The model
Poolside AI announced the acquisition of Fern Labs — a London-based forward-deployed research-engineering company behind Bridge, a multi-agent orchestration layer for high-stakes production environments — in November 2025. In May 2026, Poolside formally launched the Poolside Platform and introduced the Forward Deployed Research Engineer (FDRE) role.
FDREs sit with customer teams, identify high-value agentic workflow opportunities, build on the platform, and ship the first automated workflow in weeks before hardening and measuring outcomes. Poolside also operates a security-cleared FDRE track for classified environments — giving the model dual-use coverage across defense and commercial markets, with joint responsibility for outcomes positioning it apart from traditional consulting.
Strengths & weaknesses
Strengths
- FDRE model is tightly integrated with Poolside's platform product, not a standalone service business.
- Fern Labs acquisition accelerated FDE capability with an already-proven team rather than a build-from-scratch.
- Dual-use civilian and classified FDRE track provides coverage across defense and commercial markets.
- "Joint responsibility for outcomes" positioning differentiates the model from traditional consulting engagements.

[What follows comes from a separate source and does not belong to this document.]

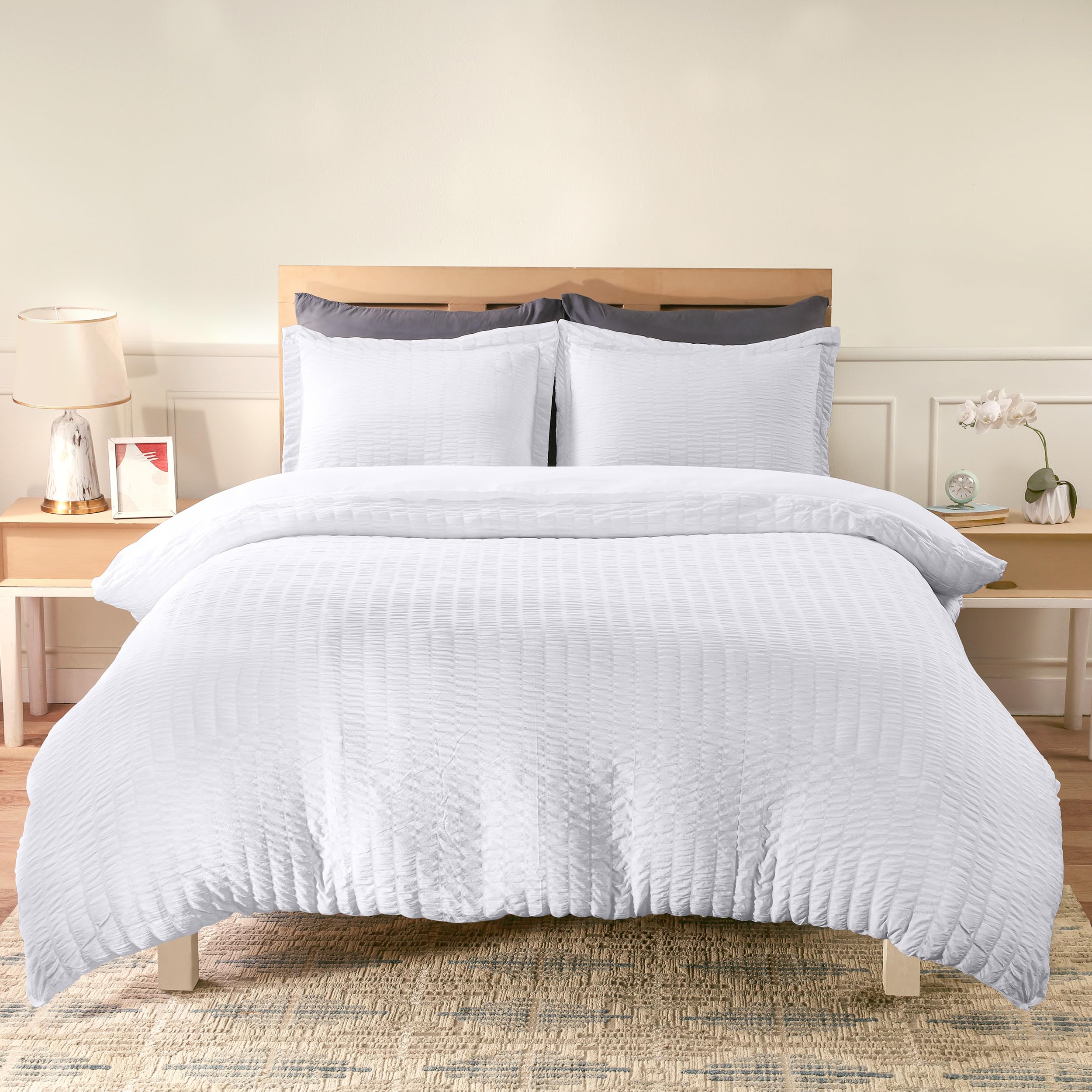 Utopia Bedding Queen Size Duvet Cover Set - 3PC Seersucker Comforter Cover with Zipper Closure & 2 Pillow Shams - Soft Brushed Microfiber 90x90 Inches (White) for Cozy Bedroom Decor - Perfect for Master Bedroom, Guest Room & Airbnb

- Bridge multi-agent orchestration layer provides a credible technical anchor for high-stakes production deployments.
Weaknesses
- Poolside is a younger, smaller company with less established enterprise relationships than Microsoft, Google or Deloitte.
- The FDRE-as-research-engineer framing may limit addressable use cases to software-intensive workflows.
- Platform is early-stage and FDRE deployments depend on platform maturity holding pace with demand.
- Acquired-team integration risk: Fern Labs culture must merge with Poolside's commercial GTM ambitions.
- Brand recognition is low outside specialist defense and research-engineering circles.